→ Supplied data:
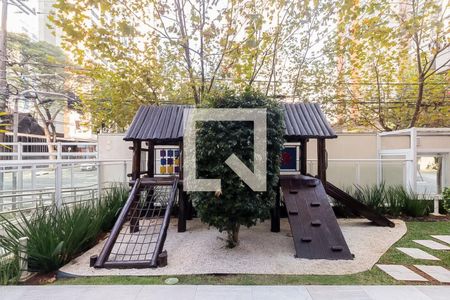 Apartamento à venda com 196m², 4 quartos e 3 vagas Apartamento à venda com 196m², 4 quartos e 3 vagasÁrea comum - Playground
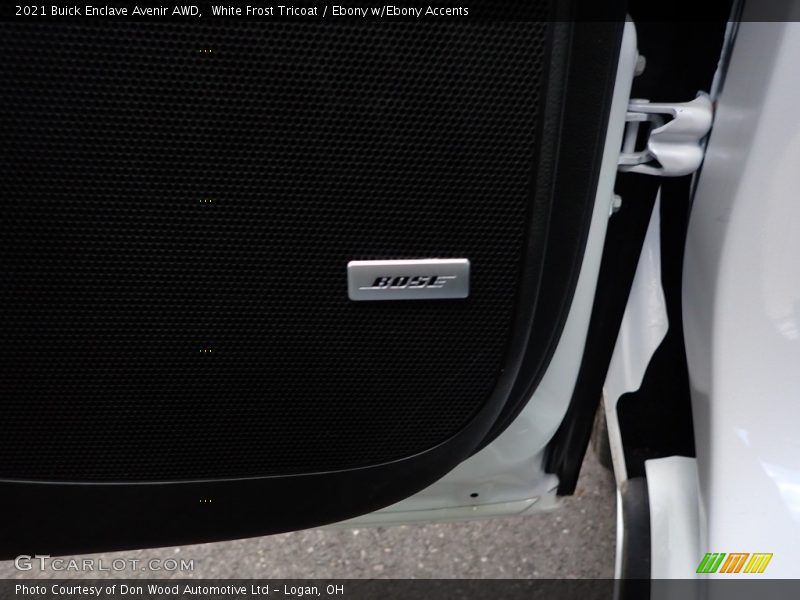White Frost Tricoat / Ebony w/Ebony Accents 2021 Buick Enclave Avenir AWD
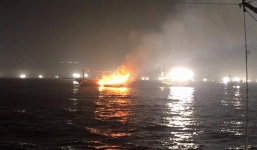 Nghệ An: Tàu cá 7 tỷ cháy rụi trong chuyến ra khơi đầu năm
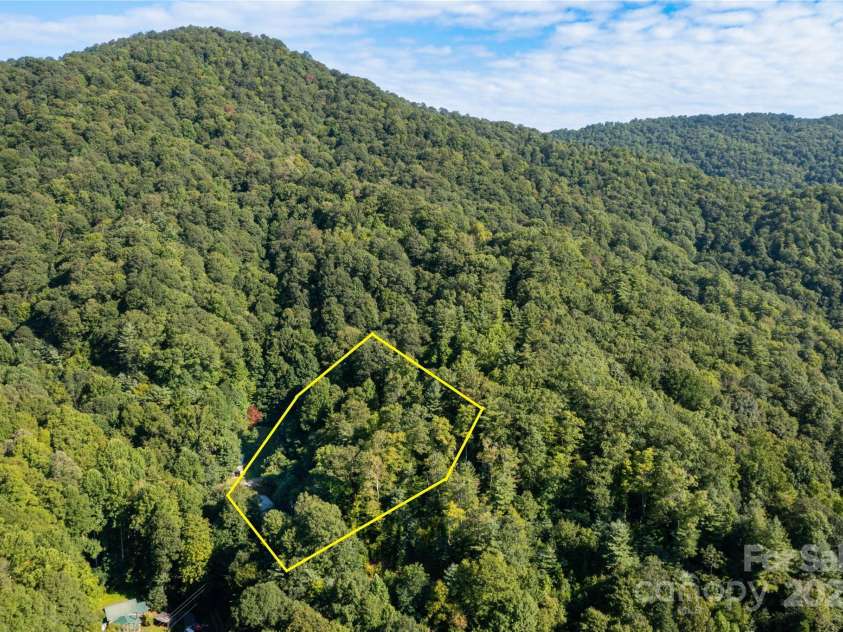 500 Chimney Log Road, Marshall, NC 28753.  MLS# CAR4171665, YatesRealty ID 4387.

→ Your assignment: Every line above should be transcribed exactly, though no image should be carried over.

→ Answer to the exercise:
 Apartamento à venda com 196m², 4 quartos e 3 vagas Apartamento à venda com 196m², 4 quartos e 3 vagasÁrea comum - Playground
White Frost Tricoat / Ebony w/Ebony Accents 2021 Buick Enclave Avenir AWD
 Nghệ An: Tàu cá 7 tỷ cháy rụi trong chuyến ra khơi đầu năm
 500 Chimney Log Road, Marshall, NC 28753.  MLS# CAR4171665, YatesRealty ID 4387.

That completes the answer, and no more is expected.